(Beginning of Input data)

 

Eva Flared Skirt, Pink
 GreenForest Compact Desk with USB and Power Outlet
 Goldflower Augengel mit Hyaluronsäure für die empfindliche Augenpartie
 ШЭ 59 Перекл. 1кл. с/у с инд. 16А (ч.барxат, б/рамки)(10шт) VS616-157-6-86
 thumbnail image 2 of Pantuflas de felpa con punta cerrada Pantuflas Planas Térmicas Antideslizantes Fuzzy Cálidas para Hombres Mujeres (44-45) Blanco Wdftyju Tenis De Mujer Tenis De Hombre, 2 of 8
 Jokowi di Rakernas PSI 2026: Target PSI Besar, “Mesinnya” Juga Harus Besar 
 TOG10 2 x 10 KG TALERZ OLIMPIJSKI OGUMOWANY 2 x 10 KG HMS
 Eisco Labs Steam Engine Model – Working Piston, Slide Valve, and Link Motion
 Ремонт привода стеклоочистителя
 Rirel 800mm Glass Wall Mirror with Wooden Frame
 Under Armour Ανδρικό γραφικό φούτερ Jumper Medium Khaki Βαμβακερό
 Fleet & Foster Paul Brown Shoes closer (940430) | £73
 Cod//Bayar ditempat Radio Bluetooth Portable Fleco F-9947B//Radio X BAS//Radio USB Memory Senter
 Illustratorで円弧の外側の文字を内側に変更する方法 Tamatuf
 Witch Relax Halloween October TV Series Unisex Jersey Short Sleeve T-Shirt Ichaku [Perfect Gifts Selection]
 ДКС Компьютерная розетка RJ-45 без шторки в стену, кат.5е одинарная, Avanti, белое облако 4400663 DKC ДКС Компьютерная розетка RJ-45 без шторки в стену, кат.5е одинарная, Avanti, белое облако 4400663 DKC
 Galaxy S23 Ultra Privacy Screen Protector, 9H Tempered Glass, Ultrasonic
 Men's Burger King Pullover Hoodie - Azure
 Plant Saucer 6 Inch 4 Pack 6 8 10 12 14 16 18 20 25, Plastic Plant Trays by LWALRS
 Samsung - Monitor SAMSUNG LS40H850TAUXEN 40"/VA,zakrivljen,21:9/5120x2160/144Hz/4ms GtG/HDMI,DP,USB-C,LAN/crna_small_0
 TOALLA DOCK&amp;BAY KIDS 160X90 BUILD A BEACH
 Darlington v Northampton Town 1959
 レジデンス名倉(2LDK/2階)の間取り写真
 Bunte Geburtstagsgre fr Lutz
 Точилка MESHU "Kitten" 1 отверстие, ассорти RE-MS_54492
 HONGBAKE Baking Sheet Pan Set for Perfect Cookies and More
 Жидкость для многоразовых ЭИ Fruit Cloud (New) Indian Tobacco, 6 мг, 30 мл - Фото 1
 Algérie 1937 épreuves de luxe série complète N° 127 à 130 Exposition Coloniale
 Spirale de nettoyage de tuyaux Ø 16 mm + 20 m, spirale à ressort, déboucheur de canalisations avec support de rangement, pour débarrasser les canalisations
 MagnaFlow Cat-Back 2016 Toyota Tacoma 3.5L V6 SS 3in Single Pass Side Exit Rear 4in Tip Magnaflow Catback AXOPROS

(End of Input data)

[What the task requires] Output should match, line for line, the stretch of the material above from the line holding "Жидкость для многоразовых" through the line holding "Algérie 1937 épreuves".

[Your solution]
 Жидкость для многоразовых ЭИ Fruit Cloud (New) Indian Tobacco, 6 мг, 30 мл - Фото 1
 Algérie 1937 épreuves de luxe série complète N° 127 à 130 Exposition Coloniale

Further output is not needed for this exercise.